#### [WHAT YOU SHOULD DO]
For the lines from the one with "R166456 Minster Lovell" to the end of the listing below, both ends included, give an exact copy and nothing more. Do not copy pictures.
=== Begin Enclosure ===
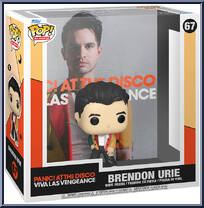 Brendon Urie from Panic! at the Disco - Pop! Albums manufactured by Funko [Front]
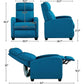 Blue Fabric Recliner Chair For Living Room Comfort
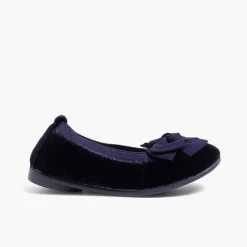 Pisamonas Ballet Pumps And Flats>Velvet Ballet Flats With Bow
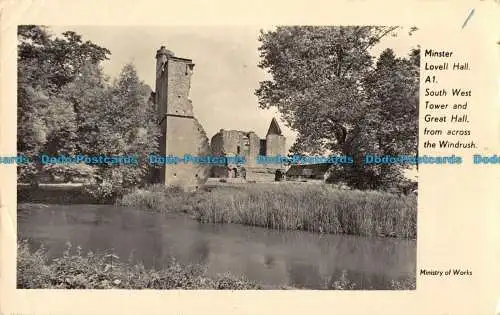 R166456 Minster Lovell Hall. A1. Südwestturm und Großer Saal von der anderen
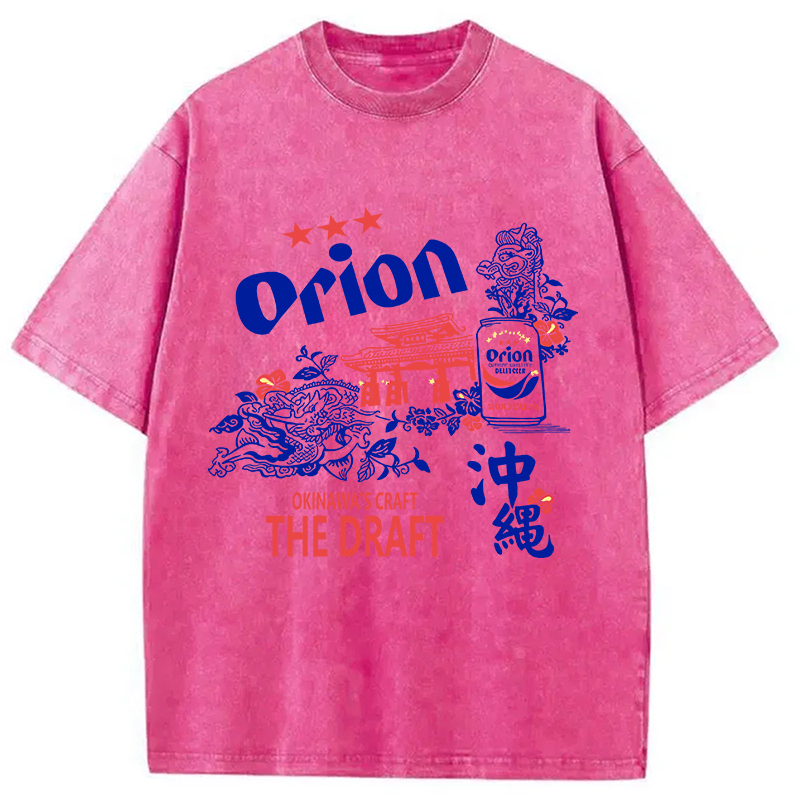 Orion Beer With Okinawa Washed T-Shirt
=== End Enclosure ===
#### [ANSWER BOX]
 R166456 Minster Lovell Hall. A1. Südwestturm und Großer Saal von der anderen
 Orion Beer With Okinawa Washed T-Shirt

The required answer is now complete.